Frage an Lothar Binding von Matthias S. bezüglich Finanzen
Sehr geehrter Herr Binding,
ich danke Ihnen für Ihre Antwort. Man spürt, dass Sie die Fragen ernst nehmen und die Dinge differenziert sehen.
Sie haben in mehreren Punkten sicher recht. Es gab in der Vergangenheit vereinzelt negative Realzinsen. Aber kann man Unrecht damit legitimieren, dass es früher auch schon Unrecht gab? Auch hat die heutige Enteignung ganz andere Dimensionen und Ursachen.
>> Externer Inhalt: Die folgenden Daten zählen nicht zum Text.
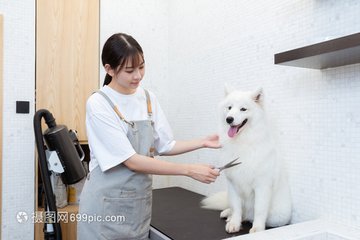 怎么查找自己账号的ok钱包地址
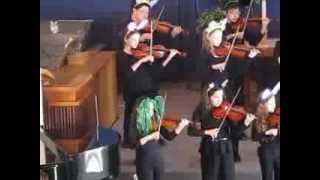 Senior Strings Ensembles Concert March 2014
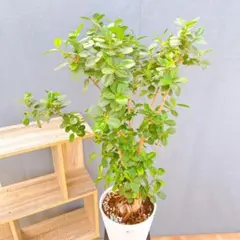 2025年最新】パンダガジュマル斑入りの人気アイテム - メルカリ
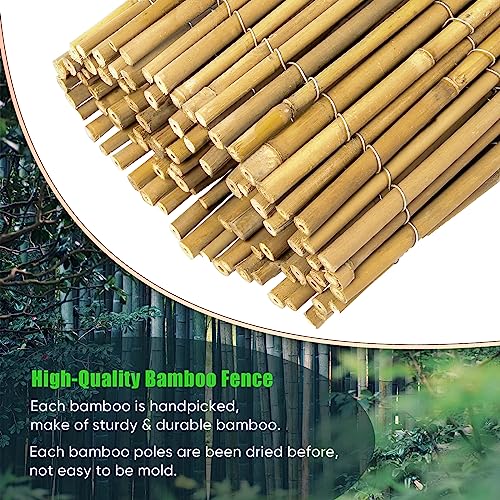 Natural Bamboo Fence Roll 6ft x 8ft Privacy Screen for Garden H625124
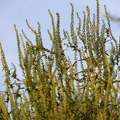 Предата петиција са више од 50.000 потписа грађана који траже да се реши ургентан проблем амброзије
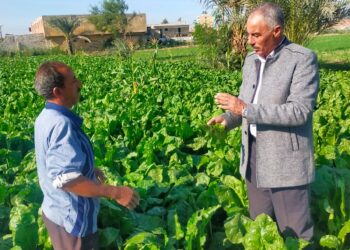 فحص الزراعات الشتوية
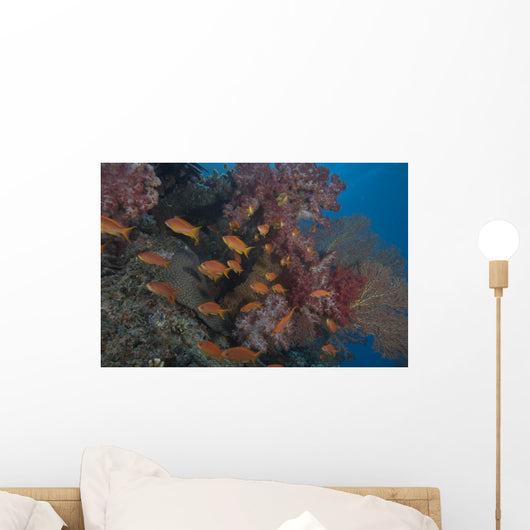 Scalefin Anthias Fish Beqa Distant Wall Decal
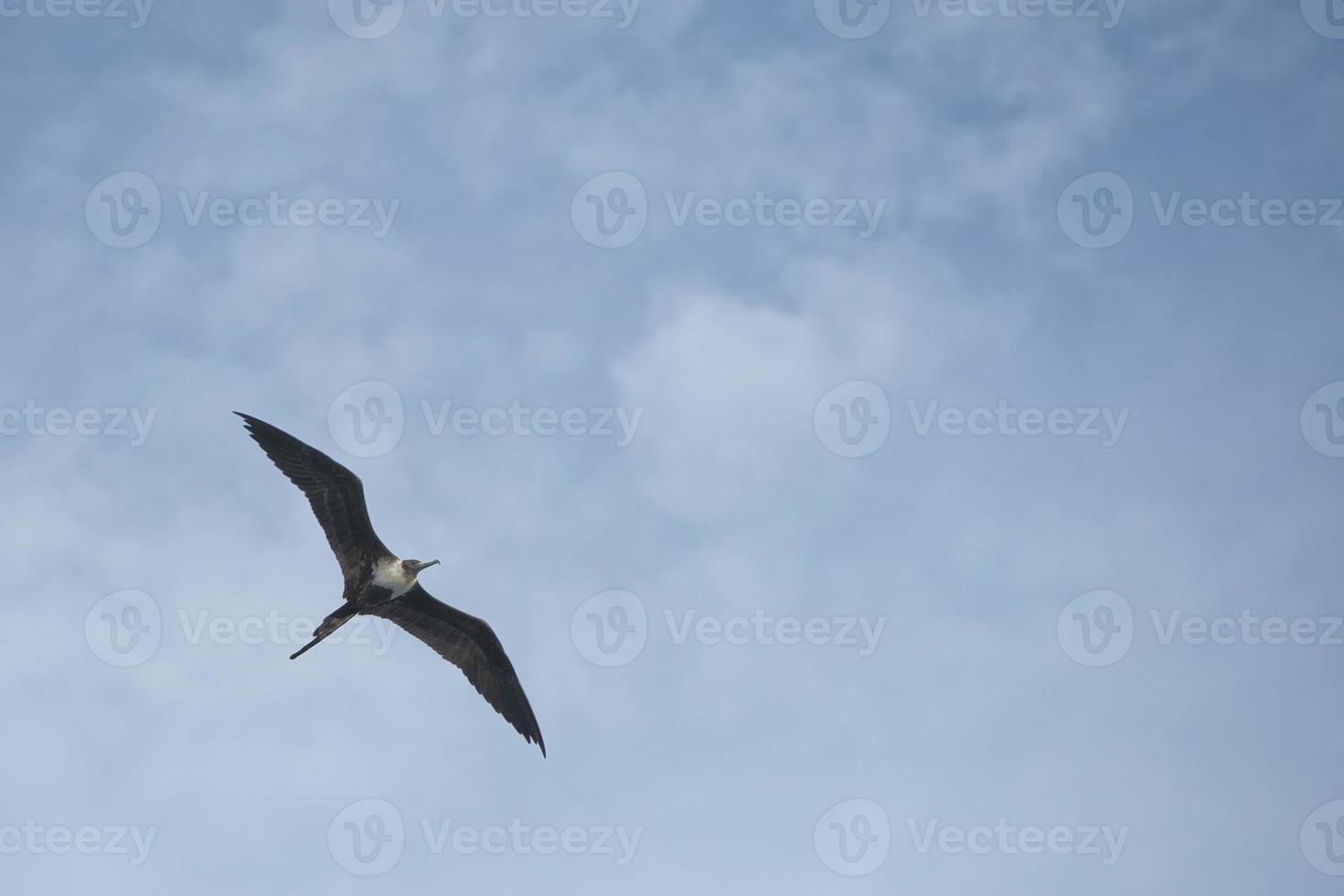 Gannet Bird while flying photo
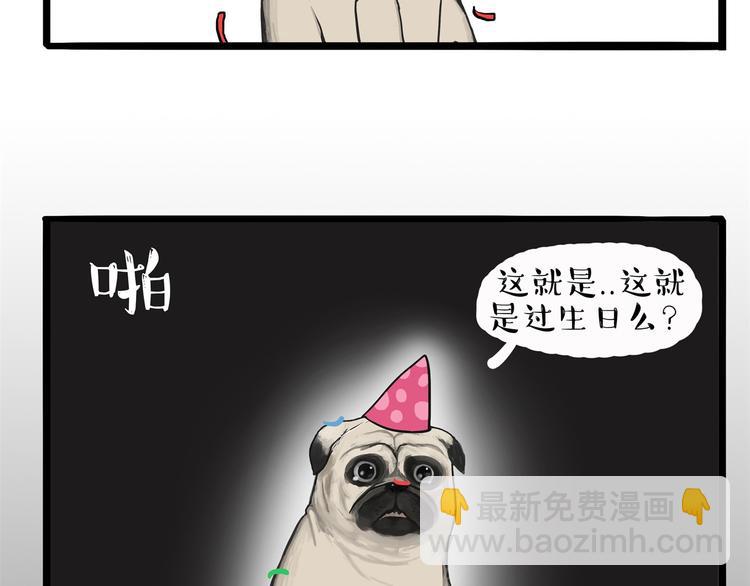 第57话 宠物太粘人是什么体验19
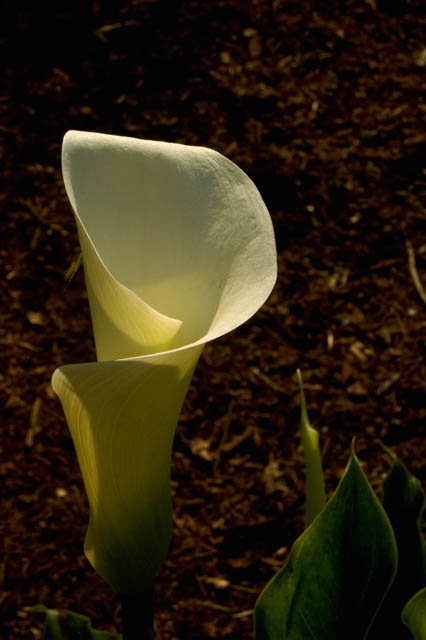 Calla Lily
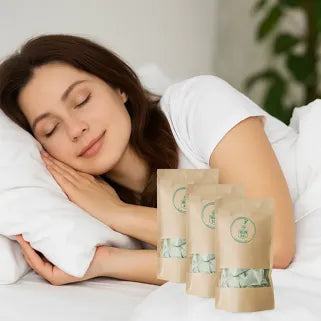 3 Sachets Artemisia Annua – Aide sommeil naturel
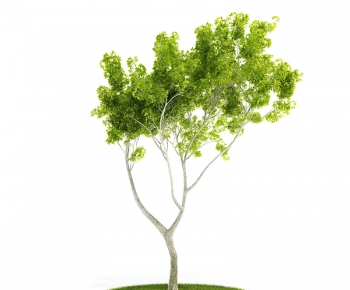 Modern Tree/shrub/grass-ID:657045199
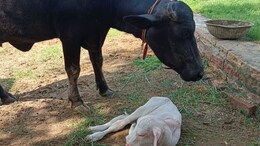 राजस्थान के करौली में भैंस ने अनोखे बच्चे को दिया जन्म, दूर-दूर से देखने पहुंच रहे हैं लोग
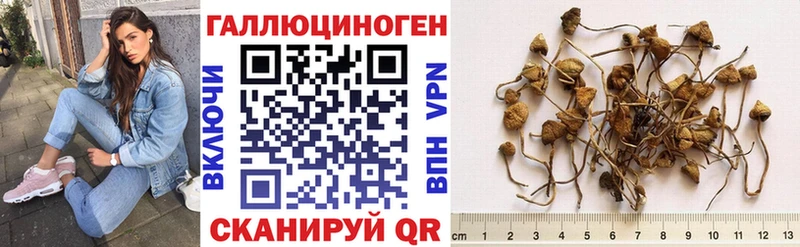 Псилоцибиновые грибы Psilocybe Любим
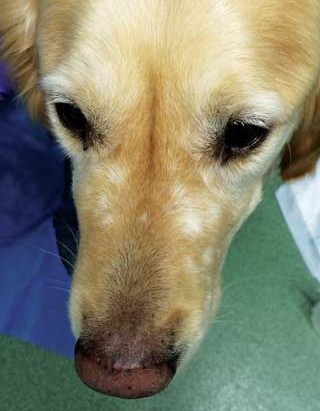 Cutaneous epitheliotropic T cell lymphoma in canines | Vet Times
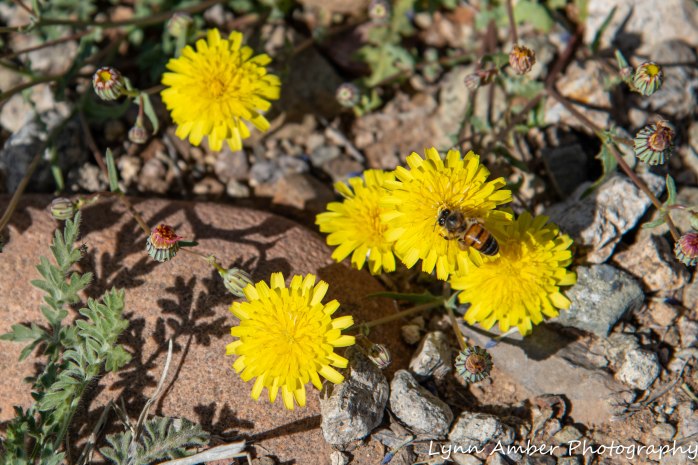 Desert Dandelion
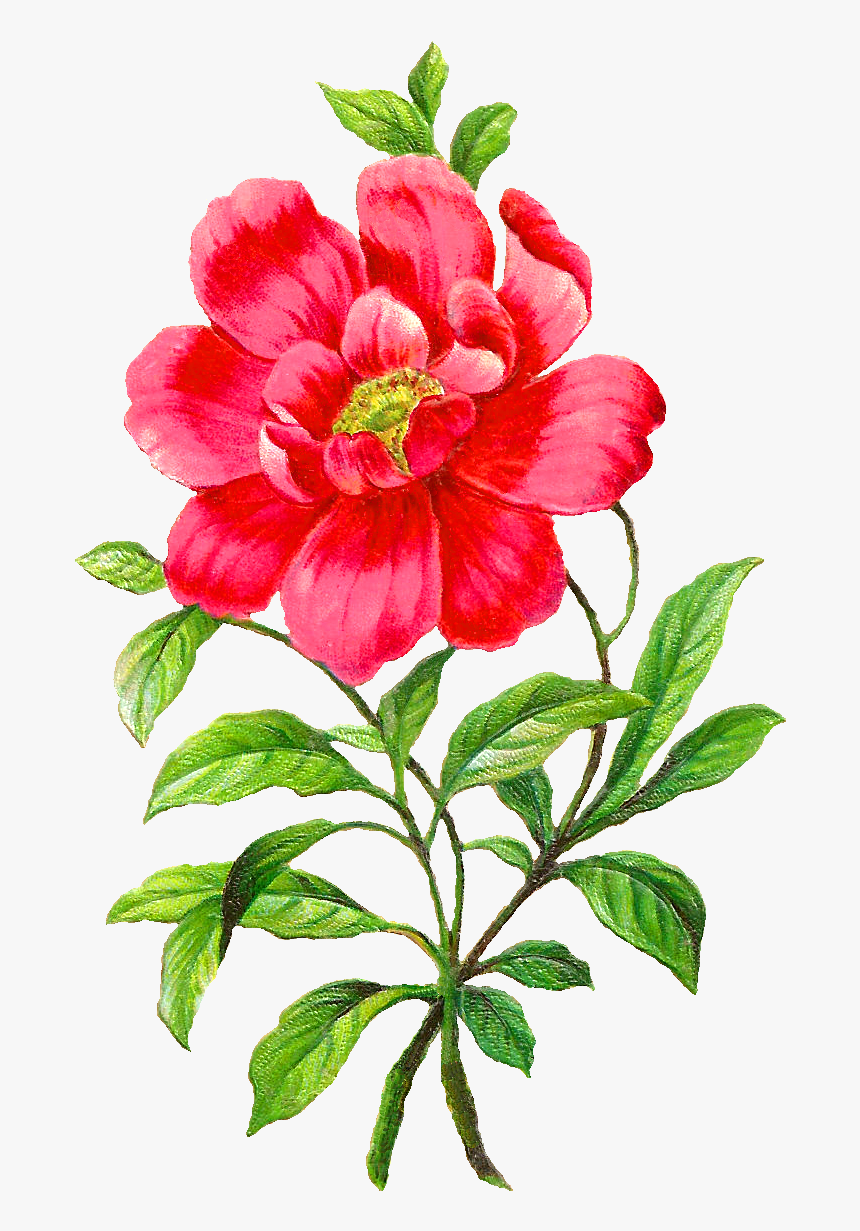 Digital Camellia Clip Art Graphics Flowers And - Camellia Flower Clipart, HD Png Download, Free Download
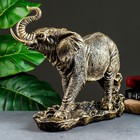 Фигура "Слон" бронза, 43х18х35см - фото 8422504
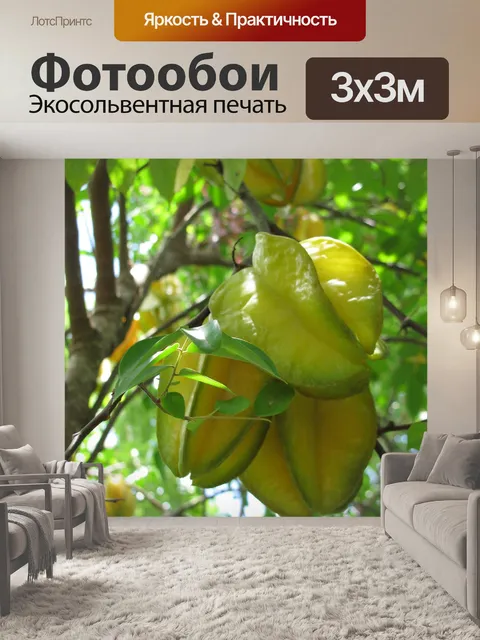 Фотообои Звезда плоды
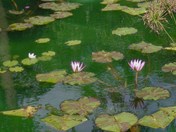 waterlilies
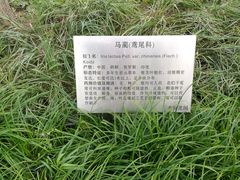 -丰台花园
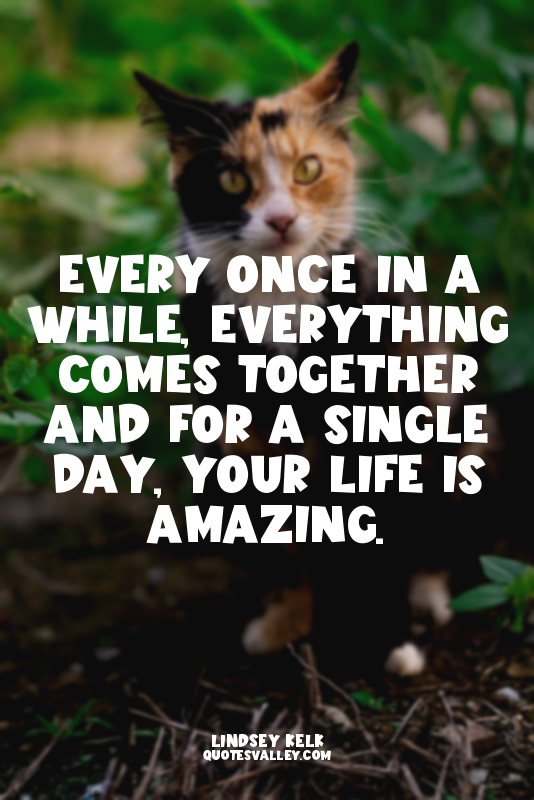 Every once in a while, everything comes together and for a single day, your life...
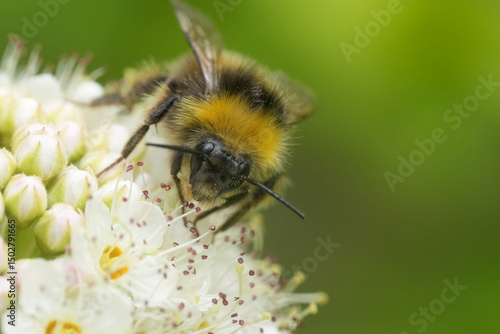 Canvas Print A close-up of a Bombus pratorum bumblebee on a flower
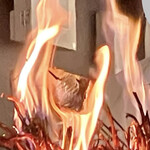 本格板前居酒屋 お魚総本家 アスティ静岡店 - 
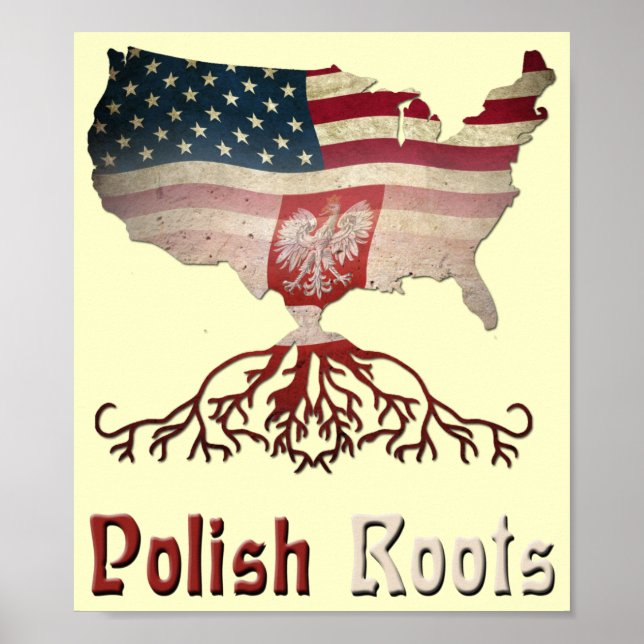 Poster américain polonais Roots (Devant)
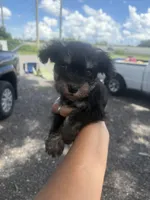 Rina, a female Miniature Schnauzer for sale in Orlando, FL – 1 of 2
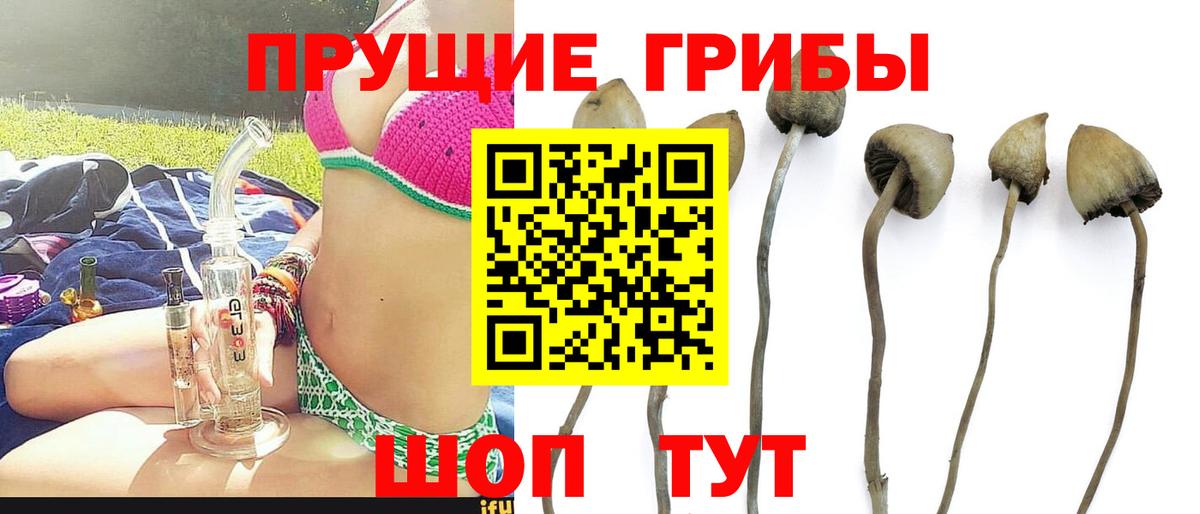Псилоцибиновые грибы прущие грибы  Вход с VPN  Усть-Илимск 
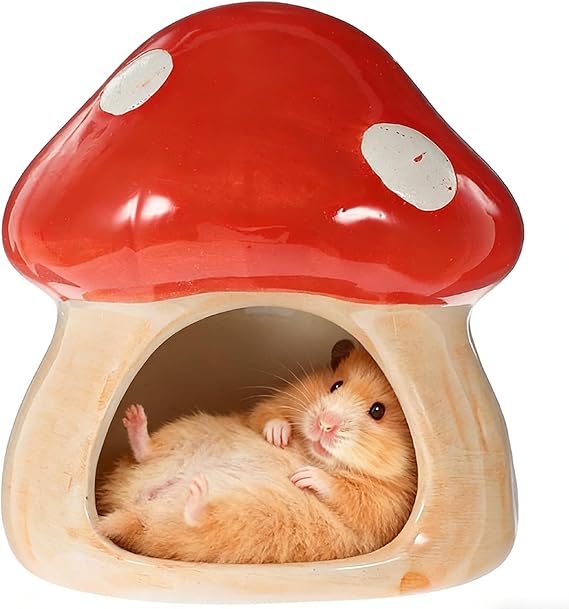 1 Piece Ceramic House for Hamsters, Unique Hamster House Ceramic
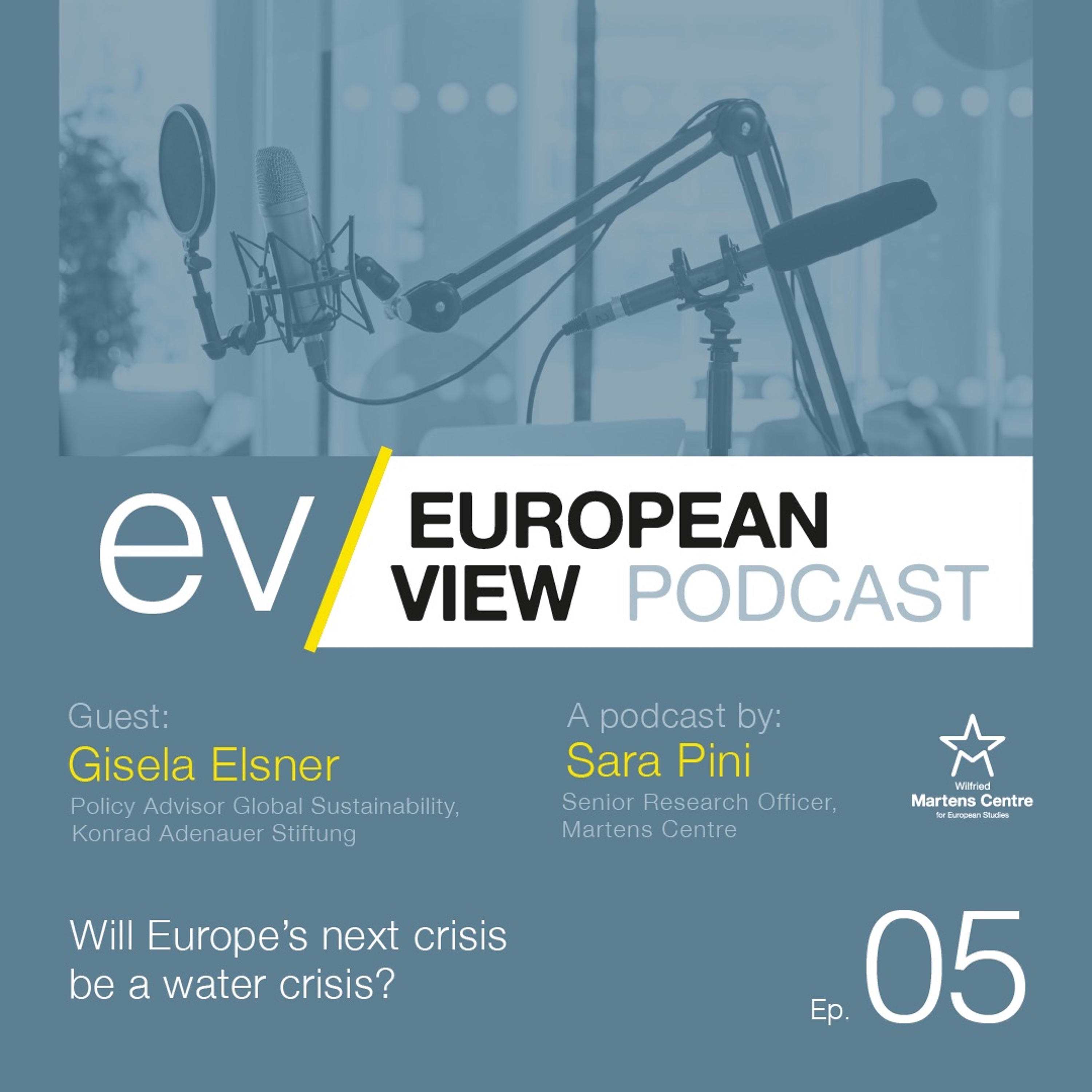 Will Europe’s next crisis be a water crisis? - The European View Podcast with Gisela Elsner episode artwork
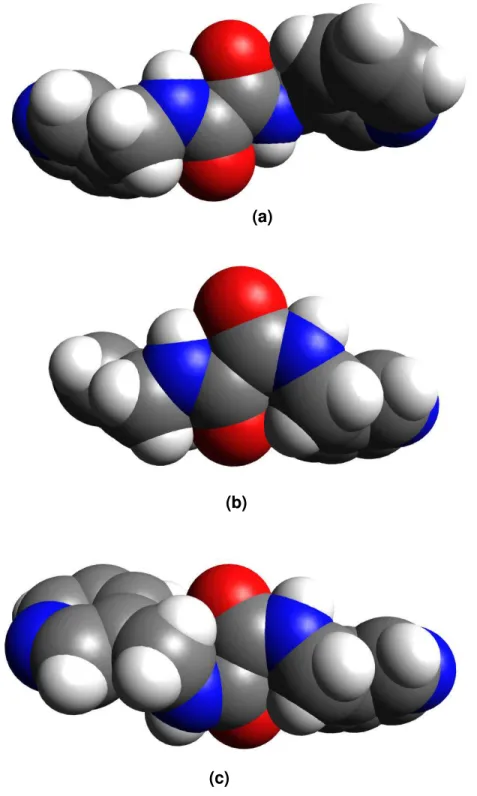 Figura  5.6.  Esferas  de  van  der  Waals  para  os  diferentes  confôrmeros  do  composto 2 em relação às ligações amida: (a) ZZ, (b) EZ, (c) EE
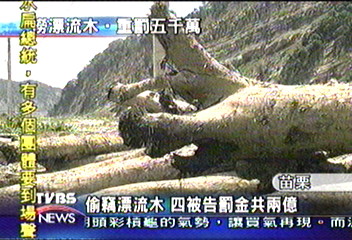 偷竊漂流木　4被告罰金共2億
Bei der Frage der Verfassungsmäßigkeit der Geldpolitik denke ich wie viele andere Kommentatoren auch, dass politische Zwänge die Entscheidung der Gerichte beeinflussen. Unabhängig von Gerichtsurteilen handelt es sich de facto um illegale Staatsfinanzierung, wenn von Italien emittierte Staatsanleihen von der Unicredit gekauft und dann an die EZB weitergereicht werden. Die Zwischenschaltung der Geschäftsbank ist ein Trick. Unter normalen Umständen würde jeder Richter ganz klar sagen, dass die rein buchungsmäßige Zwischenschaltung der Geschäftsbank nur dazu dient, damit Draghi sagen kann, er kaufe am Sekundärmarkt. Faktisch kauft er aber illegal am Primärmarkt und finanziert direkt den italienischen Staat durch die Notenpresse.
Jetzt liegt die Inflation schon bei 2%, die Zinsen weiter bei Null. Die Enteignung ist voll am laufen. Sie trifft die einfachen Sparer. Es profitieren in ungeheurem Ausmaß die Reichen, deren Immobilien- und Aktienportfolios steigen, und zwar unverdientermaßen, einfach durch Draghis Geldschwemme. Fast alle Experten kritisieren, dass die Geldpolitik die Fiskalpolitik ersetzt hat. Die Politiker lassen Draghi machen und brauchen daher nicht selbst handeln. Wofür haben wir ein Parlament, wenn die Eurokrise nicht demokratisch über Steuerpolitik und eine faire Lastenverteilung gemanagt wird, sondern durch die Gelddruckerei eines nicht vom Volk gewählten Herrn Draghi, der massiv von unten nach oben umverteilt? Ich sehe hier ein riesiges Demokratiedefizit.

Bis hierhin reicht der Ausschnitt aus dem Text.